As informações sobre Maria de Lourdes Castro Pontes (1900-1919) são tão fragmentadas quanto seus muitos apelidos: ela atendia pelos nomes Dasy, Daisy, Gracia Lohe, Lurdes e, principalmente, por Miss Ciclone. Uma das poucas mulheres a integrar as sementes que culminaram no movimento modernista da década de 1920, ela era ainda um raro exemplar dentro do gru0po vindo não da elite brasileira, mas da classe operária. Tinha uma “silhueta de mistério” e “olhos ingênuos”, segundo os homens que escreveram sobre ela. Agora, um filme brasileiro se propõe a tirá-la das sombras masculinas para, enfim, dar voz a um talento interrompido.
Em Cyclone, lançado no Festival do Rio, dirigido por Flavia Castro, Dasy ganha o protagonismo em uma trama ficcionalizada, inspirada nos livros O Perfeito Cozinheiro das Almas Deste Mundo, um diário coletivo de artistas organizado por Oswald de Andrade, e Neve na Manhã de São Paulo, de José Roberto Walker, romance que retrata a relação amorosa entre Ciclone e Oswald.
Produtora do longa, a atriz Luiza Mariani assume também o papel de protagonista.

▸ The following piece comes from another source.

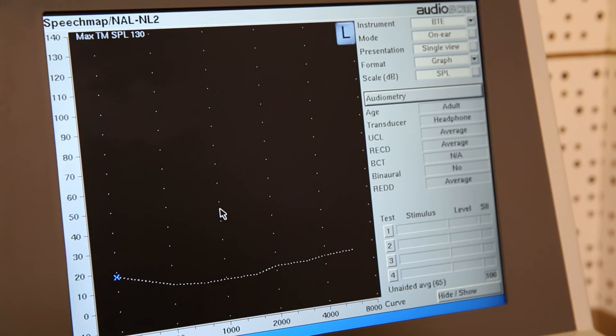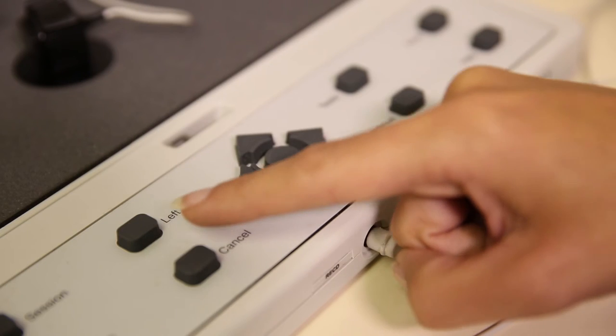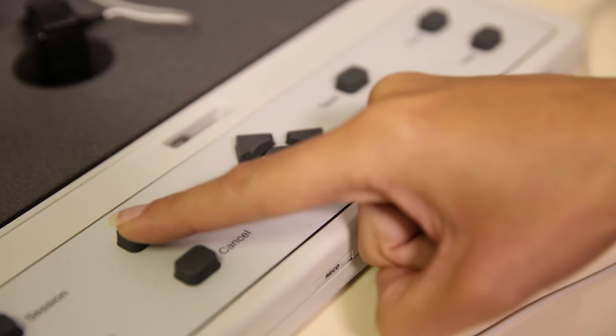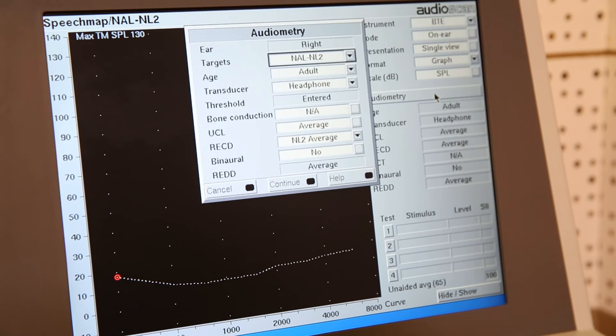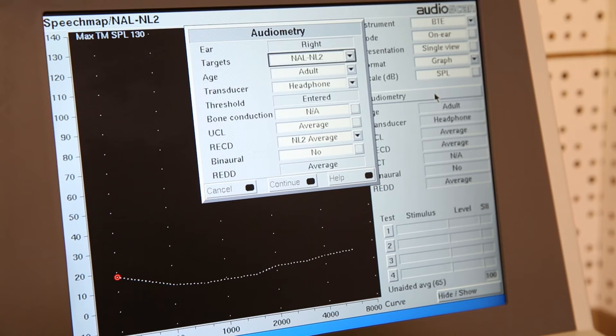When you are in the speech mapping test page, you will select the correct ear and then go to audiometry. This will allow you to set up the target that you will be using.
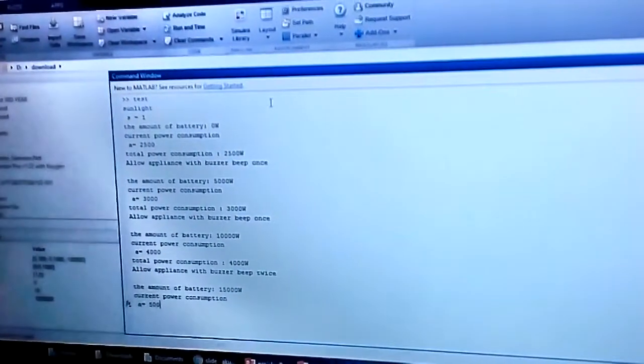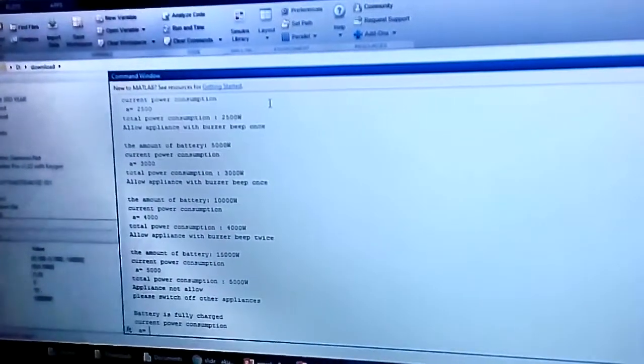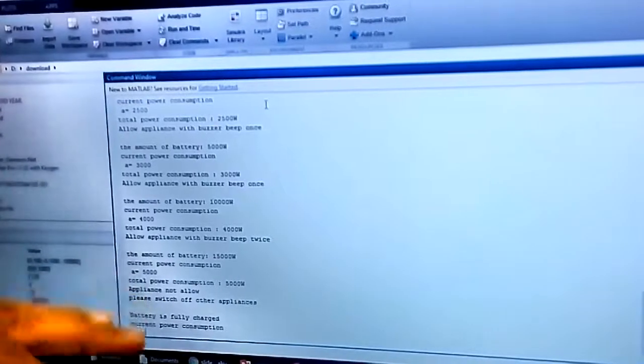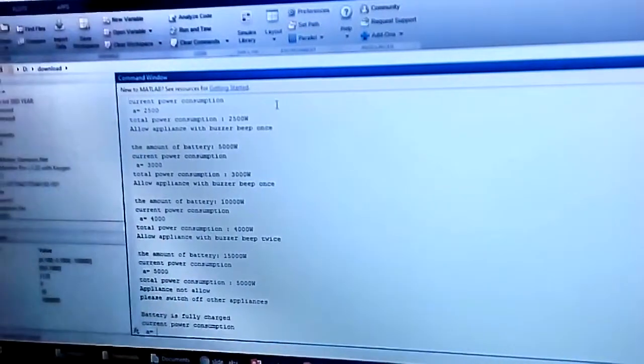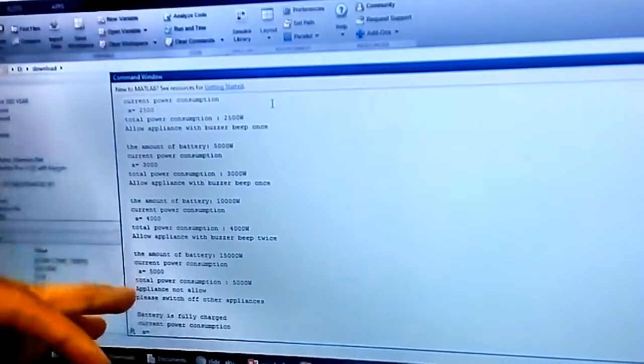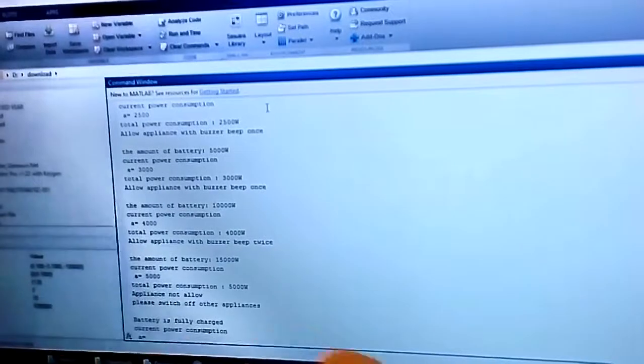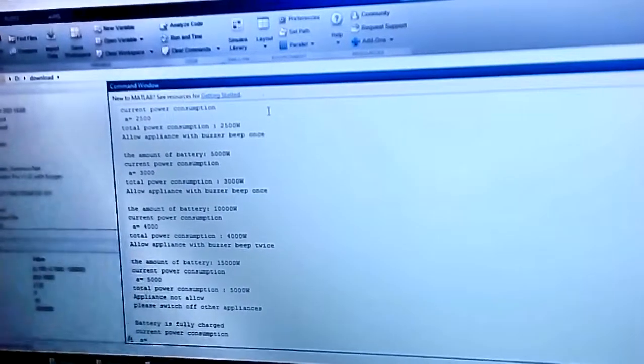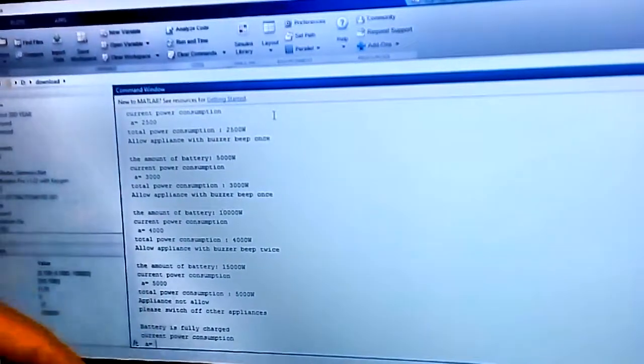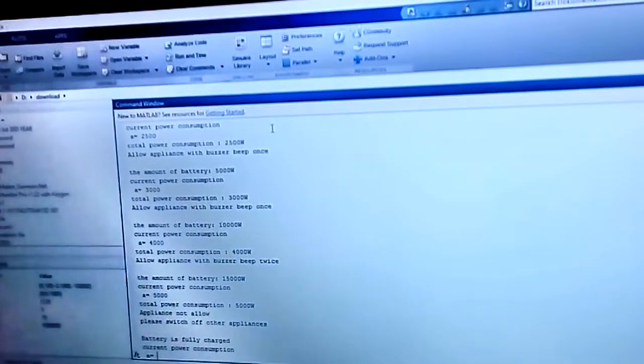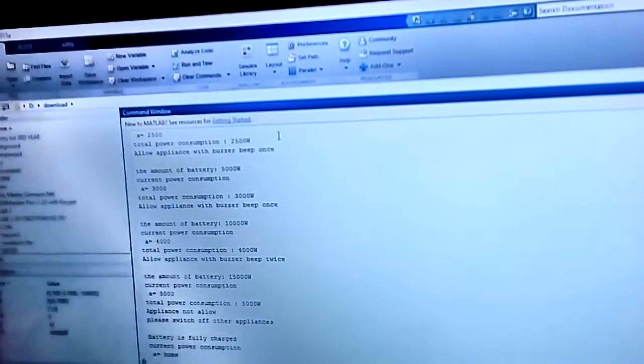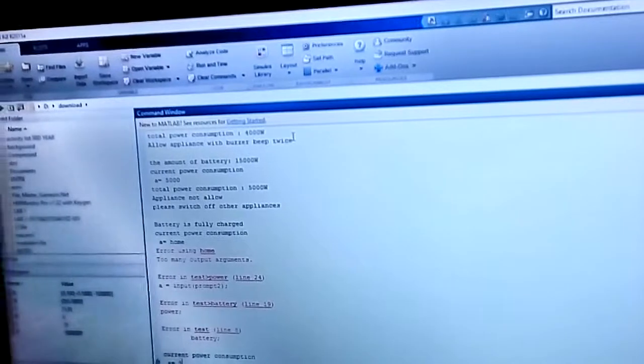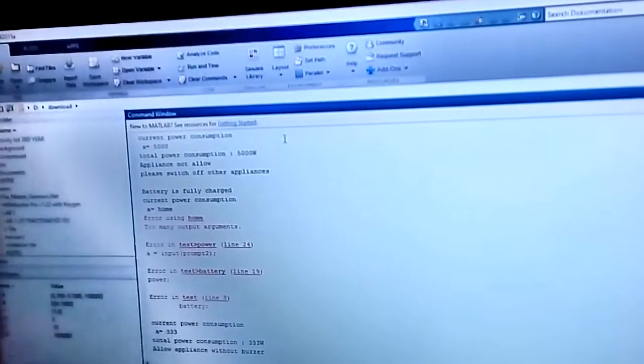And as the appliance reached 5000, the appliance is not allowed because it reached the limit. And the user needs to switch off any other appliance to use that appliance. Okay, now the battery is now fully charged. And let me show how when there is no sunlight.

Na trama, Dayse se divide entre um trabalho em uma gráfica e a coxia do Teatro Municipal, onde trabalha e mantém um romance com o diretor Heitor Gamba (Eduardo Moscovis) — papel livremente inspirado em Oswald. Ela tenta uma bolsa de estudos em Paris enquanto enfrenta a dureza de ser uma mulher no início do século XX. Uma gravidez inesperada, porém, interfere em todo o seu planejamento de vida.
Apesar de ser um filme de época, a produção se relaciona com dilemas atuais: direitos reprodutivos, independência financeira feminina e aceitação no meio artístico são temas que saltam no roteiro. Tudo fica ainda mais atual com a belíssima ambientação de cores fortes e traços estilísticos pós-punk. Como o título, o filme Cyclone é intenso, belo e devastador — uma homenagem que faz jus à sua musa inspiradora antes esquecida. Cyclone integra também a programação da Mostra de SP e estreia nos cinemas em 27 de novembro.